ArmEpiC – Armenian Epigraphic Corpus (ArtsakhEpiC Sub-Corpus, v1.0)

Tamrazyan, Hamest; Hovhannisyan, Gayane; Harutyunyan, Arsen; Boros, Emanuela

doi:10.5281/zenodo.18206503

Published January 10, 2026 | Version v2

Dataset Open

ArmEpiC – Armenian Epigraphic Corpus (ArtsakhEpiC Sub-Corpus, v1.0)

1. Formation Continue UNIL-EPFL
2. Dragomanov Ukrainian State University
3. Yerevan Brusov State University of Languages and Social Sciences
4. Institute of Archeology and Ethnography of the NAS RA
5. Mesrop Mashtots Institute of Ancient Manuscripts,
6. École Polytechnique Fédérale de Lausanne

Contributors

Other:

Cornamusaz, Emile¹

1. École Polytechnique Fédérale de Lausanne

ArmEpiC: Methodology and Data Description

Abstract

ArmEpiC (Armenian Epigraphic Corpus) is a digital scholarly dataset comprising diplomatically transcribed Armenian lapidary inscriptions encoded in TEI/EpiDoc (v9.7), together with a system of authority files designed to preserve epigraphic evidence while enabling analytical interoperability. The dataset is intended for reuse by epigraphers, historians, linguists, and digital heritage researchers requiring transparent, machine-readable epigraphic data.

Scope of the Dataset

The Zenodo deposit includes ten TEI/EpiDoc inscription files, authority files (ListPlace, ListMonument, ListSubMonument, ListMaterial, ListPreservation, ListScript, ListAbbreviationType, ListChronology, ListBibl), this methodology document, a README, and a licensing statement.

Conceptual Separation of Evidence and Interpretation

ArmEpiC enforces a strict separation between epigraphic evidence, editorial observation, and interpretive layers. The diplomatic transcription constitutes the primary evidentiary layer; all analytical and interpretive interventions are explicitly encoded and remain reversible.

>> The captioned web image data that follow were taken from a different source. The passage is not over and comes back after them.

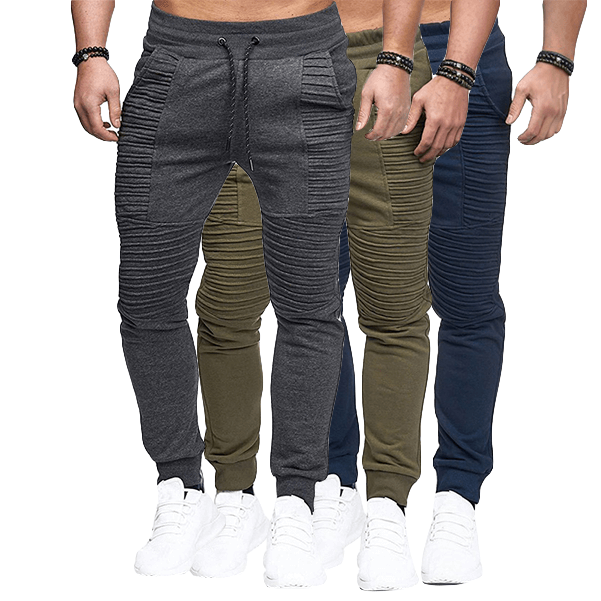 Heren Joggingbroek Comfortabel Met Elastische Boorden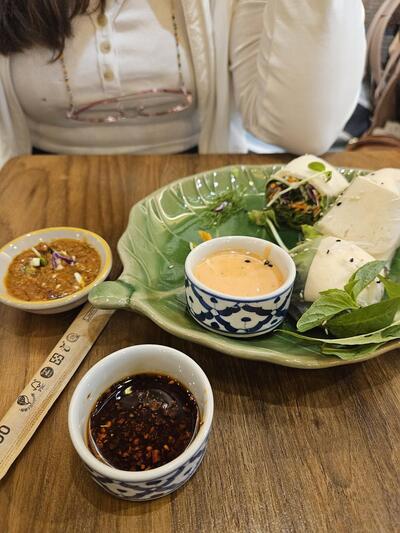 GINGER FARM kitchen at Suvarnabhumi Airport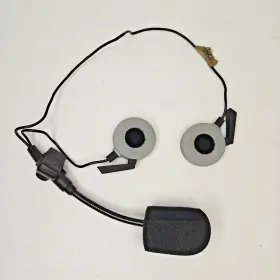 Hs-be157jh J&m Helmet Headset Made In Usa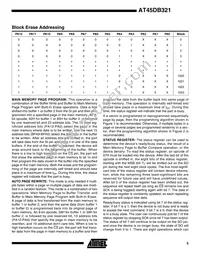 AT45DB321-TI Datasheet Page 5
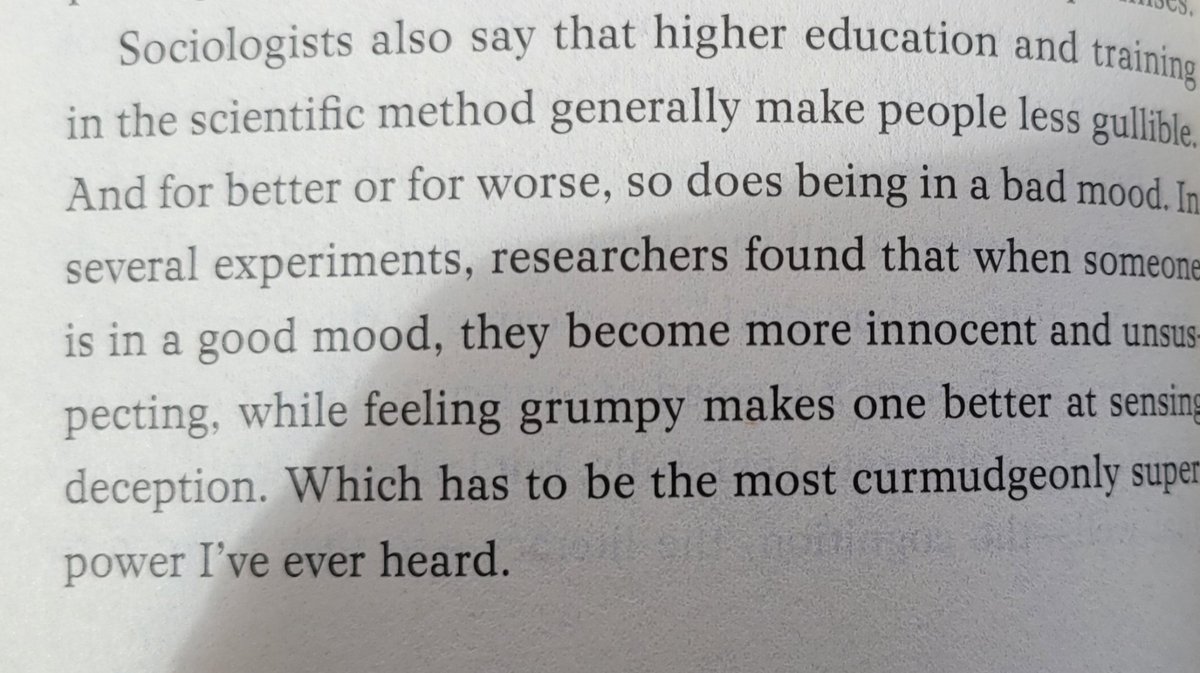 I knew there was a reason I'm so grumpy all the time. From @AmandaMontell's Cultish.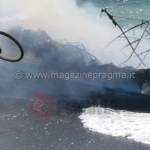 incendio barca marina di stabia 9 luglio 2018 8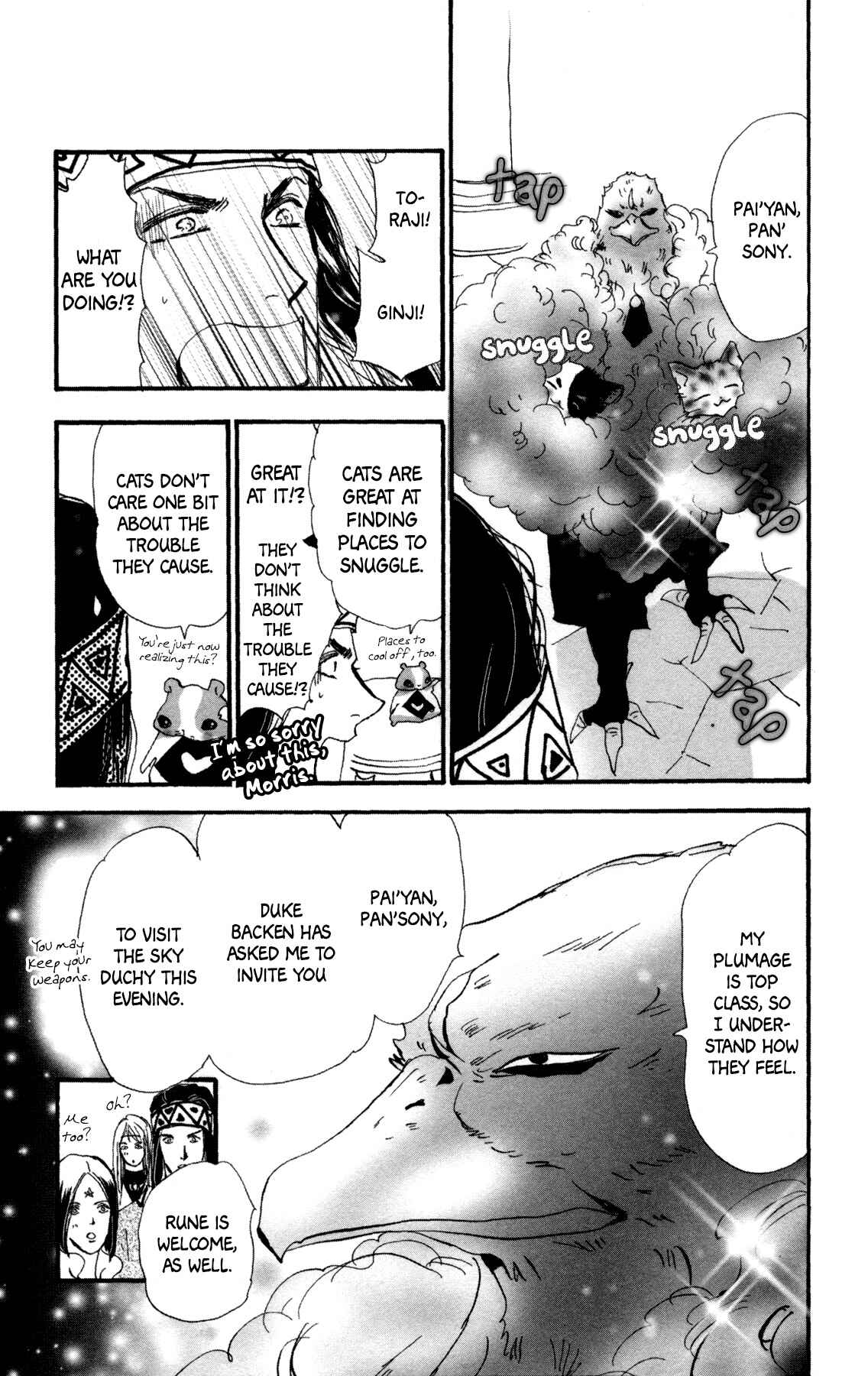 Neko Mix Genkitan Toraji Chapter 30 - Page 32
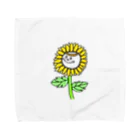 手描きＴシャツ seethesunのひまわりさん Towel Handkerchief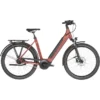 Winora Vélos De Ville électriques Sinus N5 Col De Cygne 27.5" Pouces, Rouge
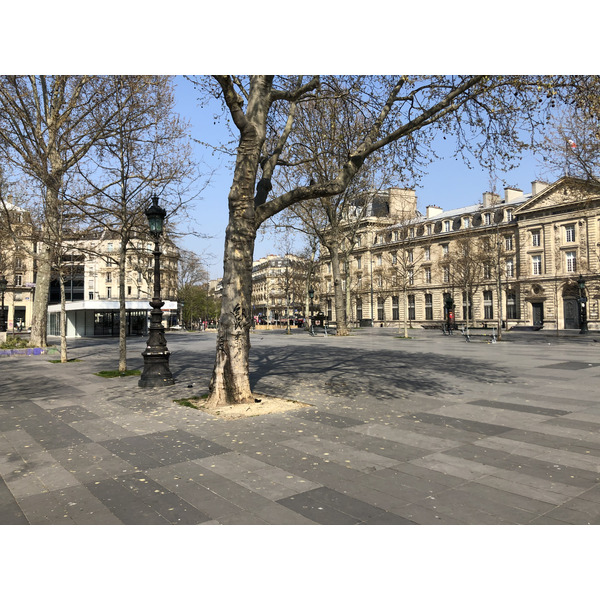รูปถ่าย ฝรั่งเศส(France) ปารีสช่วงล็อกดาวน์(Paris lockdown) 2020-03 192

Diplomatic Transcription Policy

Original orthography is preserved, lineation follows the stone, and no silent normalization is introduced. Editorial intervention is restricted to explicit expansion of abbreviations, explicit supply of omitted letters, and explicit marking of damage or loss.

Graphic Phenomena and Linguistic Structure

Ligatures are treated as graphic phenomena and do not determine linguistic segmentation. Ligatures across word boundaries are encoded graphically while preserving separate lexical units.

Abbreviations and Omitted Letters

A strict distinction is maintained between abbreviations (intentional and conventional) and omitted letters (context-driven loss). Ambiguous cases are flagged rather than silently resolved. Honorific and graphic abbreviations are distinguished analytically via a controlled vocabulary.

Word Segmentation and Lemmatization

Each lexical unit is encoded as an independent word. Lemmatization is an analytical layer supplied in normalized Classical Armenian and does not imply correction of the original spelling.

Names, Prosopography, and Places

Personal names are encoded structurally without imposing prosopographic identification. Place names are preserved as attested and linked to external authorities via ListPlace.

Dating and Chronology

Dates are recorded as transmitted in the inscription, with Gregorian equivalents supplied as scholarly interpretation. The evidentiary basis of each date is made explicit.

Functional Classification

Each inscription is assigned a single dominant functional category as a heuristic analytical label.

Translation Strategy

Translations into Modern Armenian and English are provided as interpretive aids, prioritizing semantic accuracy. They do not replace the original text.

Authority Files

Each authority entity is assigned a persistent URN that is immutable once published. Authorities are aligned conceptually with international vocabularies to support interoperability.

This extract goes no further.